Mideast Aluminum Producers Filling Gap After US Plants Close

Nov. 22, 2016
Electricity costs give Middle East producers the aluminum advantage, according to Harbor Intelligence.

Middle East aluminum producers are boosting metal shipments to the U.S. to fill a supply gap left from plant closings.

Electricity costs give Middle East producers the advantage, Jorge Vazquez, managing director of Austin, Texas-based Harbor Intelligence, said in an interview Tuesday in Dubai. Since 1980, U.S. output has dropped from 4.6 million metric tons by 32 smelters to about 700,000 tons by five smelters this year, he said. The last U.S. smelter to open was in 1985, he said.

“Demand in the U.S. is growing but at the same time production is declining, and declining in a significant way,” Vazquez said. “It’s opening an interesting opportunity for vendors outside the U.S.”

Electricity Costs Favor the Middle East

Middle East shipments of value-added aluminum parts to the U.S. in the first nine months of this year rose 50% to about 734,000 metric tons, or 60% of the total, Vazquez said. The cash cost of production in the Middle East was $1,200 a ton in the third quarter, compared with $1,670 a ton in the U.S., he said.
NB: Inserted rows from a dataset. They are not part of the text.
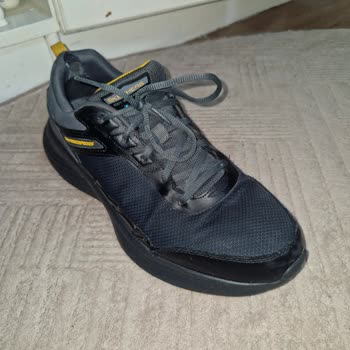 Skechers Ayakkabımda Kısa Sürede Dikiş Ve Taban Sorunları Değişim Talebi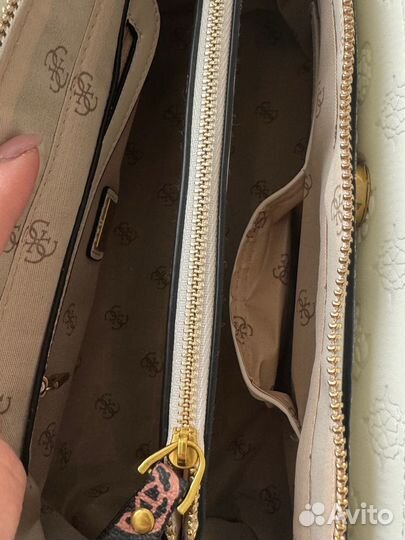 Сумка guess новая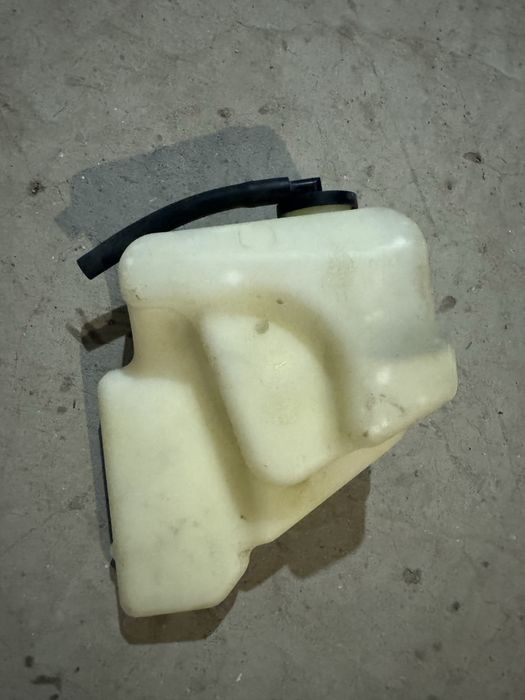 Бачек омывателя камри 40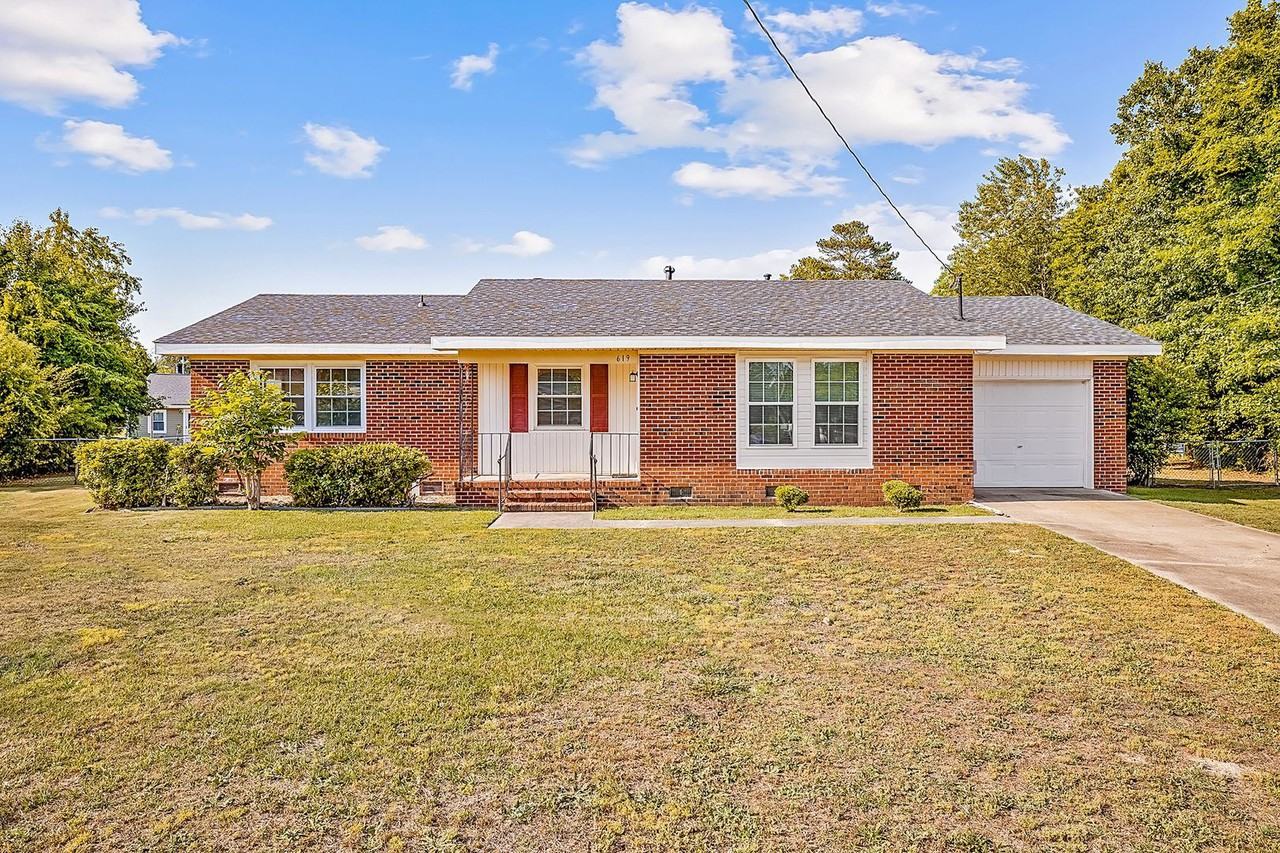 619 Burgoyne Dr, Fayetteville, NC 28314 4 Bedroom Apartment for Rent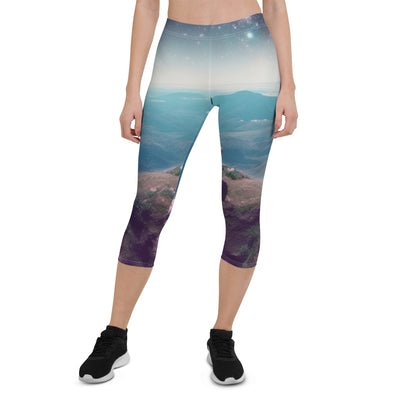 Frau sitzt auf Berg – Cosmos und Sterne im Hintergrund - Landschaftsmalerei - Capri Leggings (All-Over Print) berge xxx XL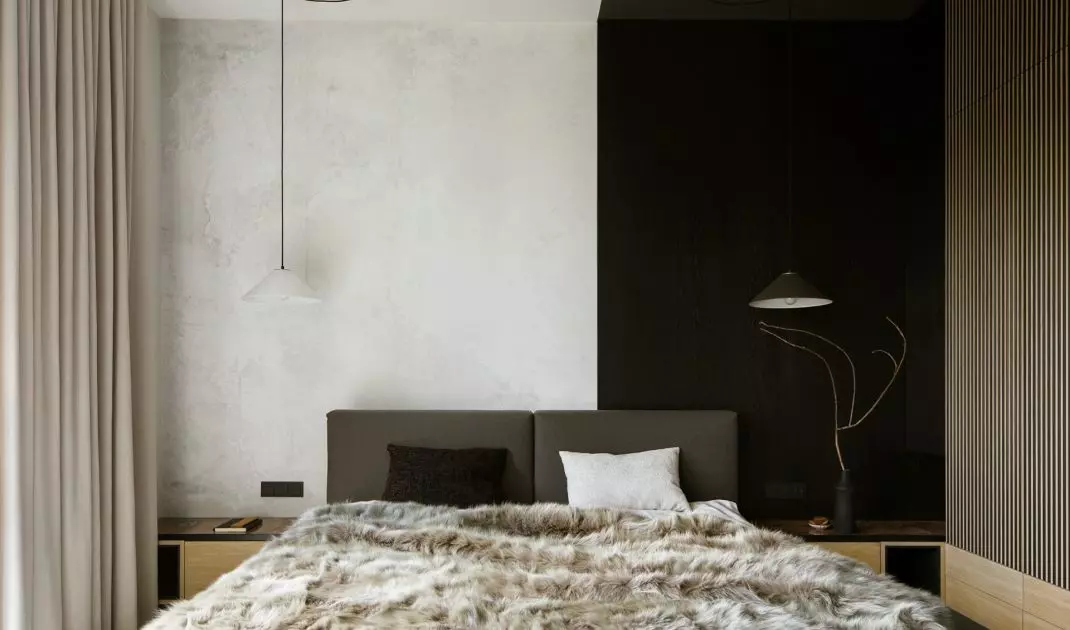 The wall behind the bed was divided into two parts - light and dark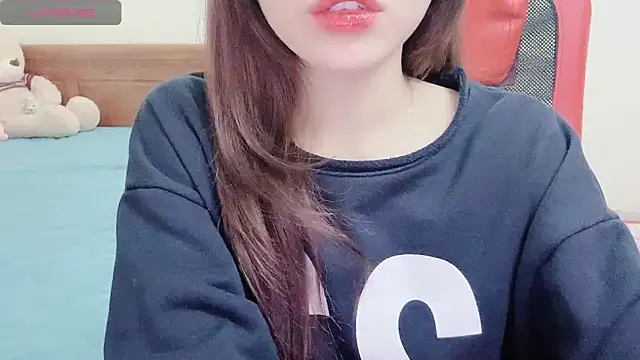 Snapshot of TrinhH_Nabbi chatting on 01-06-25, 01:41 TrinhH Nabbi online show from 01-06-25, 01:41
The Middle East aluminum industry started from one smelter in Bahrain in 1971 producing 120,000 metric tons a year to today’s six smelters in Saudi Arabia, United Arab Emirates, Oman, Bahrain and Qatar with output of about 5.2 million tons last year, according to Emirates Global Aluminium. Alcoa Inc. split into two companies as of Nov. 1 after shutting unprofitable smelters and cutting production.

North American demand is now about 7.5 million tons a year, against U.S. output of 750,000 tons and Canadian production of 3 million tons, Tim Murray, chief executive officer of Aluminium Bahrain, told an aluminum conference in Dubai. “Production has to come from somewhere, and I believe it’s going to continue to come from the Middle East.”